5 Favorite Rebbe Stories for the 30th Gimmel Tammuz

Last year I had a very powerful experience writing a pidyon nefesh and praying at the Ohel of the Lubavitcher Rebbe. In order to take a bit of the Rebbe home with me to Jerusalem, I bought both volumes of Seeds of Wisdom by Mendel Kalmenson which I loved. Here are some of my favorite stories from the book:


A shlucha who was overwhelmed with her many duties wrote to the Rebbe, describing her feelings of inadequacy. She concluded with the words, “I feel like I’m one big mess.” In response, the Rebbe sent back her letter with the following comment at the bottom: “It’s obvious that you and your husband have succeeded in your holy work beyond any conceivable expectation, and you call this”-here the Rebbe drew an arrow pointing to the words he had circled “one big mess”?!

Sometimes, in order to accomplish more, you need to appreciate what you’ve already achieved.


A rabbinical student from Sydney, Australia once visited the Rebbe to discuss his spiritual growth. During their discussion, the Rebbe said, “You should know that the heavenly angels, despite their great spiritual elevation, envy you when you walk down bustling Bondi Junction wearing your kipah and tzizit proudly for all to see!”

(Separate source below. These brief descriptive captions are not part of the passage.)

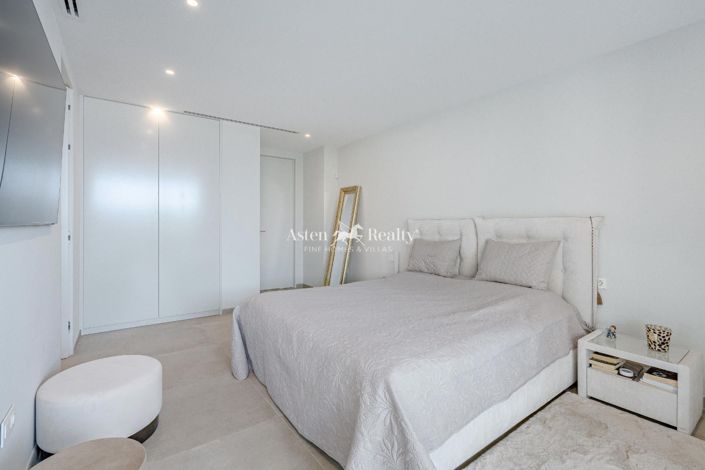 Image No.16-4 Bed Villa for sale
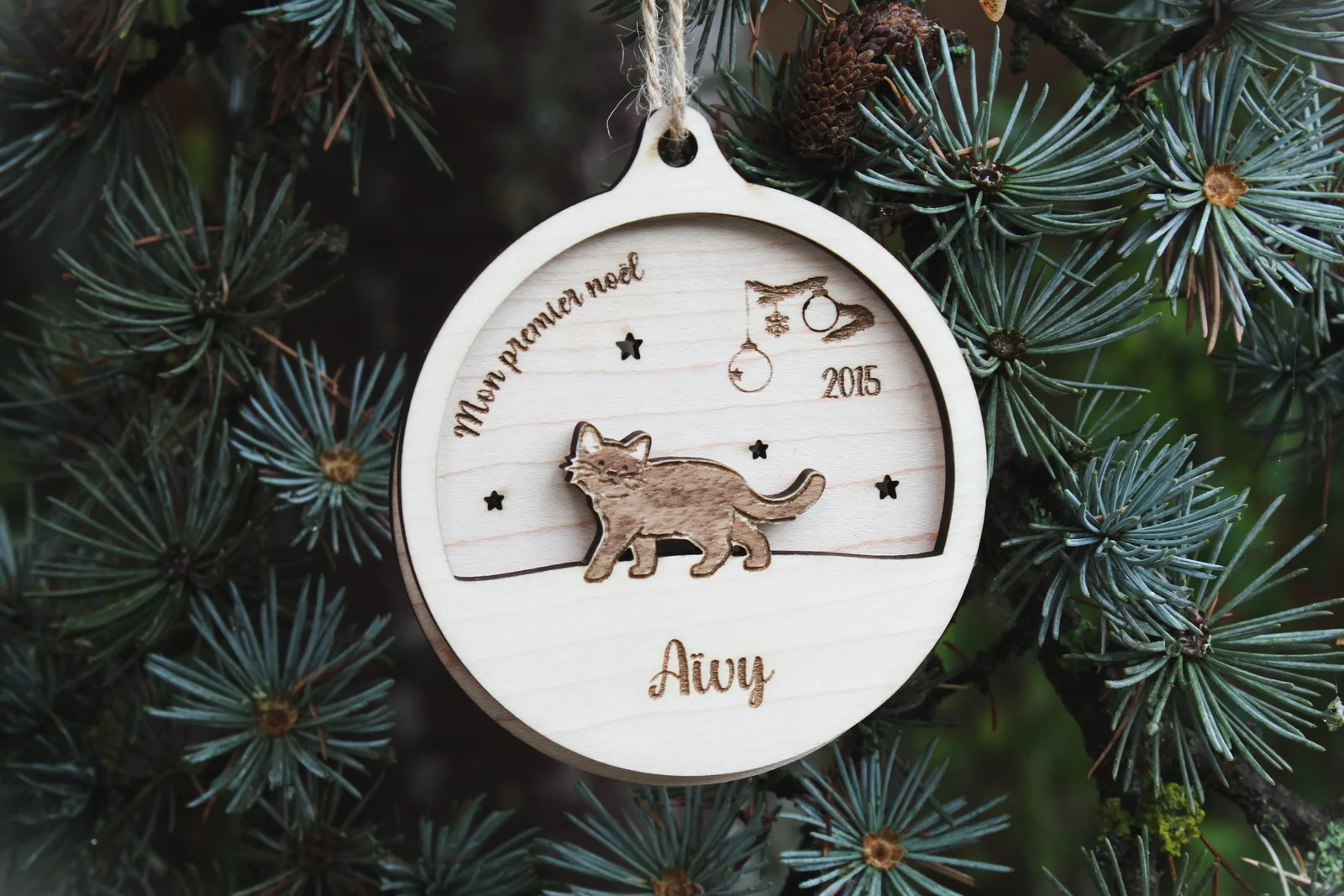 Aperçu 1 : Boule de Noël personnalisée bois • Chat • Prénom + Année • Décoration sapin • Premier Noël bébé • Fait main • Idée cadeau Noël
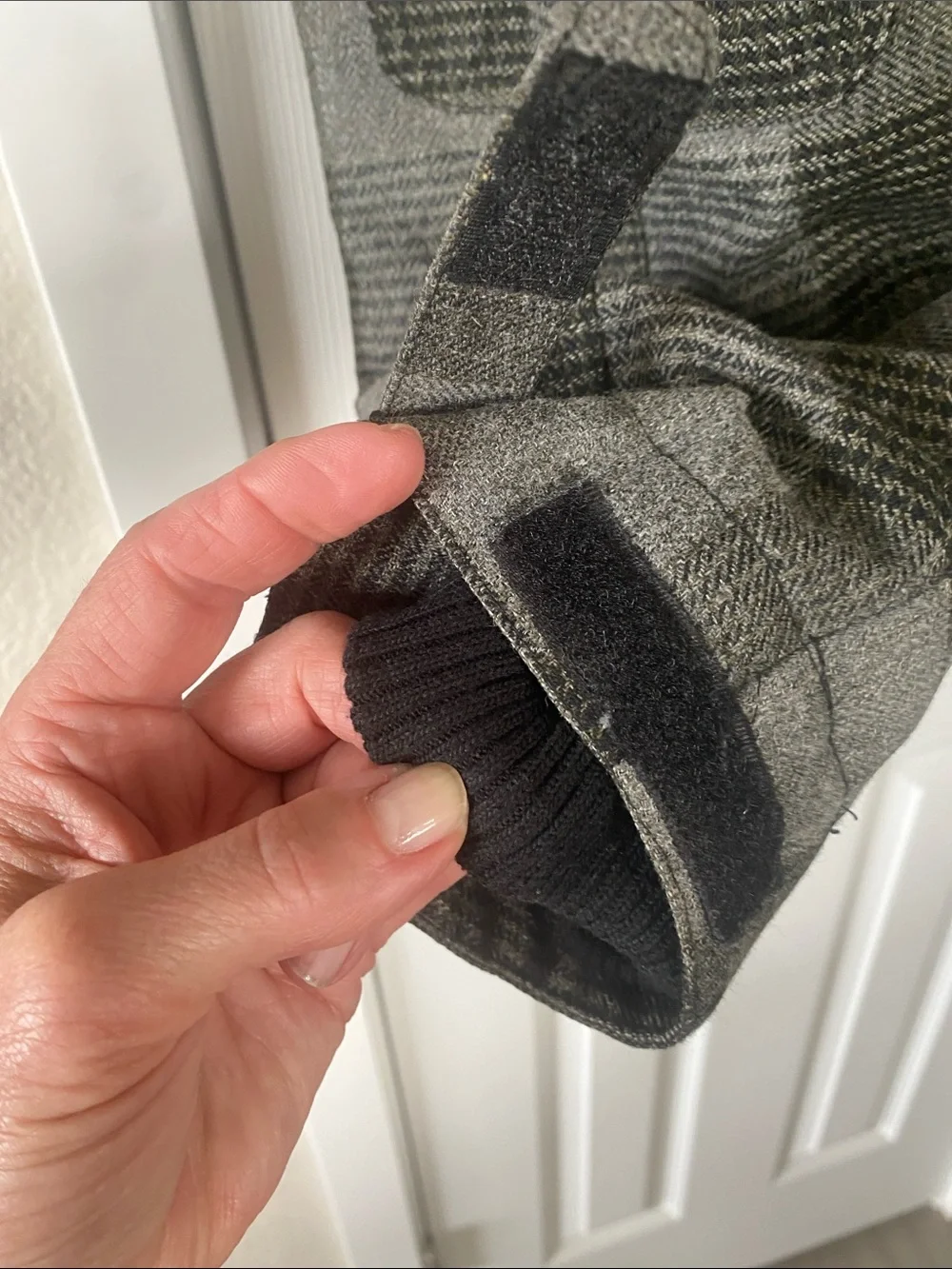 Billabong’s Men’s Gray Plaid Hooded 4 Pocket 1 inside Jacket With Adjustable Fit - Picture 10 of 15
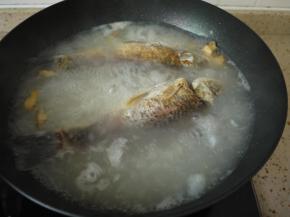 倒入热开水，没过鱼身，大火烧开。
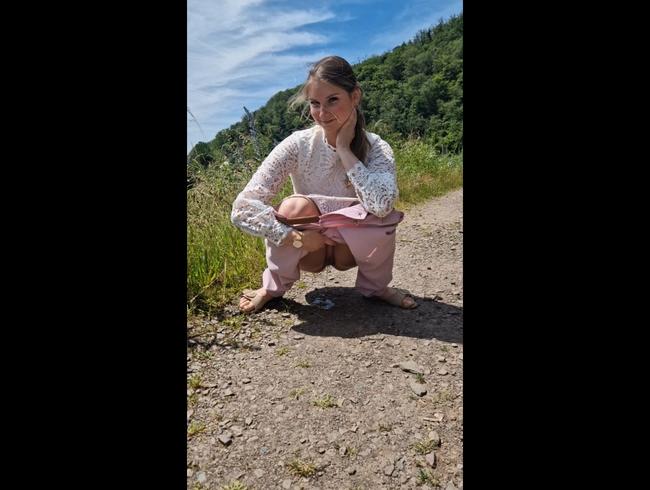 Short pee break while walking in the vineyards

You earn the respect of others when you respect yourself.


A writer who was doing research on a book about Jewish mysticism and spirituality visited the Rebbe to discuss his project and gain insight. During their conversation about living with faith he blurted out, “Rebbe, I don’t know anybody who wouldn’t like to have faith-but how can one get faith if they don’t have it?”

The Rebbe responded, “Faith is not something you have or don’t have; it’s something you must always work toward. And like the physical body, which needs to be fed daily in order to stay alive, the soul, too, needs to be nourished every day.

“How is the soul nourished and fed? Through study, prayer, and constantly reinforcing a sense of trust in the Creator”

Faith is not a gift, it’s a goal.


The Rebbe was once addressing a women’s convention. In the middle of passionately encouraging the women to continue their activism on behalf of the Jewish people, he stopped and said earnestly:

“But when a woman dresses her children in fresh clothing, feeds her children nutritious food, and goes around her home at night making sure that the windows are closed and no draft is blowing on her child, this, too, is avodat Hashem-the holy work of serving God!”

If building communities is holy work, building children is holy of holies.”


The Rebbe was speaking with a prominent leader of the United Jewish Appeal. The subject was a global project the man had initiated to improve the state of Jews around the world. After listening to his ambitious idea, the Rebbe said, “Remember, if you really want to change the world, change yourself first!

“It’s like dropping a stone into a pool of water and watching the concentric circles radiate to the shore. If you strengthen your connection to G-d and behave in a manner which reflects that connection, those around you will be impacted by your example and they, in turn, will influence others. Remember to focus on yourself first”

If you want to affect the world, change yourself first.